ただ奴等が人間に、勇者に与える力の種類から、騎兵の神、武器の神、英雄の神、旗手の神と呼んでいた。
騎兵の神は勇者に神騎兵、八メートル程のサイズの巨大な彫像、まあぶっちゃけて言うと異世界の知識で言う所の巨大ロボとやらを。
武器の神は聖剣、聖槍の類を。
英雄の神は類まれな身体能力や魔術の力を。
旗手の神は己に付き従う者の士気や力を高める象徴を、選んだ人間へ加護として与える。
神からの加護を受けた人間を勇者と呼ぶが、時折複数の神からの加護を受けた勇者が出現する事もあった。

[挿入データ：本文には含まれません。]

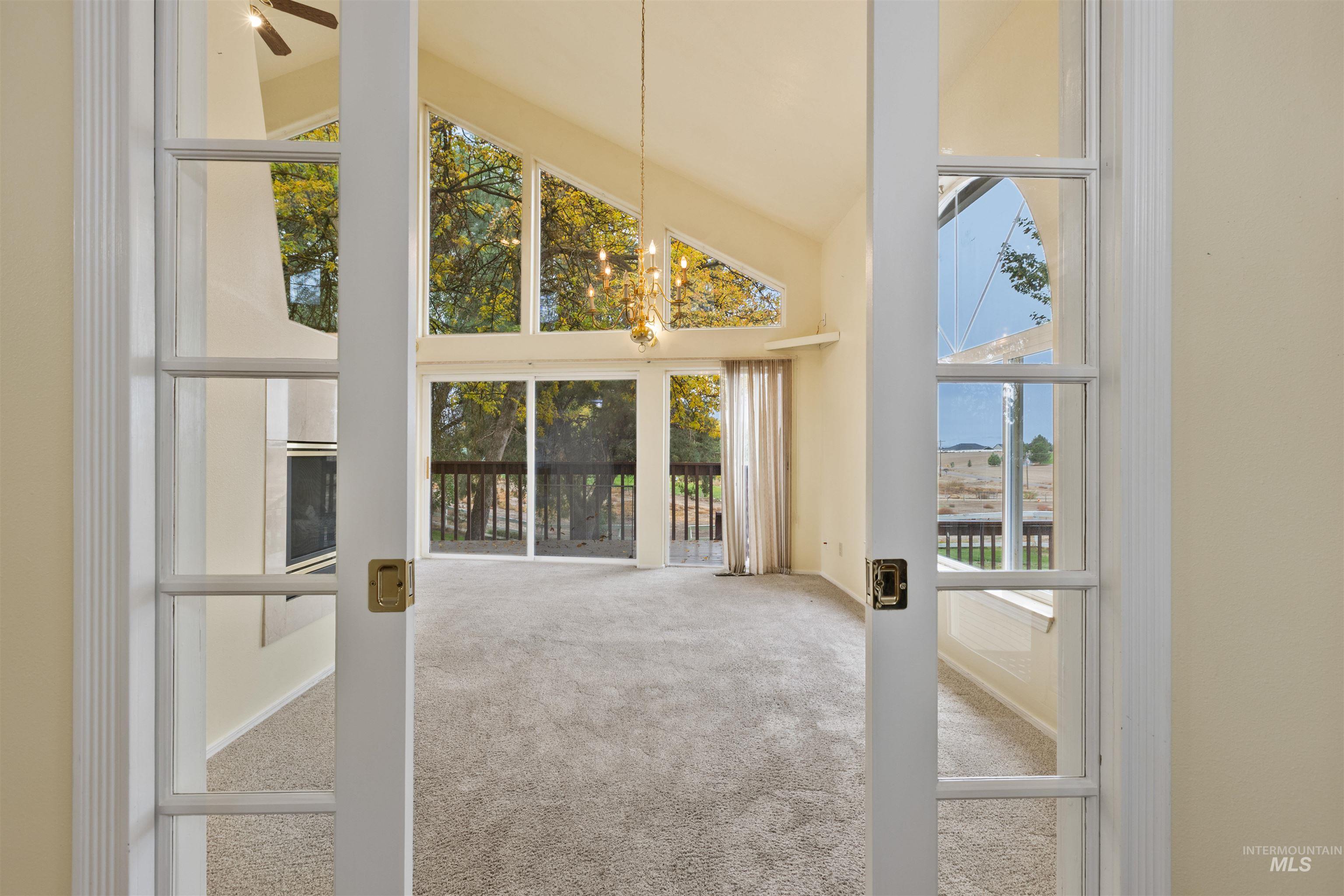 9948 Ash Lane Payette, ID 83661 - Photo 12 of 34 Unfurnished living room with carpet flooring, high vaulted ceiling, and ceiling fan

恐らく今の我でも、複数加護持ちの勇者の相手は出来ないだろう。
何でも初代の勇者は四柱の神全てから加護を受けた化け物だったらしい。
さてこの勇者に与えられる加護だが、厄介な事に子孫に対しても劣化しながらも遺伝する。
そしてその劣化した加護を人間は探究、模倣し、更に劣化した疑似的な加護を造り出した。
神騎兵から従騎兵を、聖剣から魔剣を、英雄から強化兵士を。
だから決して人間は侮ってはいけない。
まあ尤も、あの了見の狭い神等が加護を模倣した人間をそのまま見逃すとは到底思えないが。
世界を巡る戦いに、例え人間が勝利したとしても、人間に未来は無いだろう。
「ロルック王国に力を遺した勇者の子孫は居ませんが、従騎兵が十程存在します。今回の派兵に動かすかどうかは微妙な所ですが……」
言い淀むワケットだが、存在する脅威は動くと想定して準備した方が良いだろう。
従騎兵の相手が出来るのは、我にガル、それとリリーだ。
前回の戦いに引き連れて行って経験を積ませた兵等も総出で当てれば一騎は相手に出来るだろうが、折角育ちつつある兵を従騎兵の相手なんぞで損耗させるのはあまりに惜しい。
彼等には初陣の者等を統率する仕事もある。
エシルの町で集めれる兵数に、狼種の魔物を加えれば五百に届く。
更に砦が完成すれば、
「まあ情報通りの数しか動かんのなら余裕であろうな。兵等も良い経験が得られよう。だが注意は怠らぬように。引き続き彼の国の動きは調べてくれ」
我の言葉に、ワケットは一礼して退出して行く。
情報量、保有戦力、物資の豊富さ、そして背後に敵を抱えぬ身軽さ等、思い付く要素は全てにおいて上回っていた。
其れでも何が起きるかわからぬのが、人間と魔族の戦いなのだ。
備えだけは怠らぬ様に、冬の間も忙しい日々が続くだろう。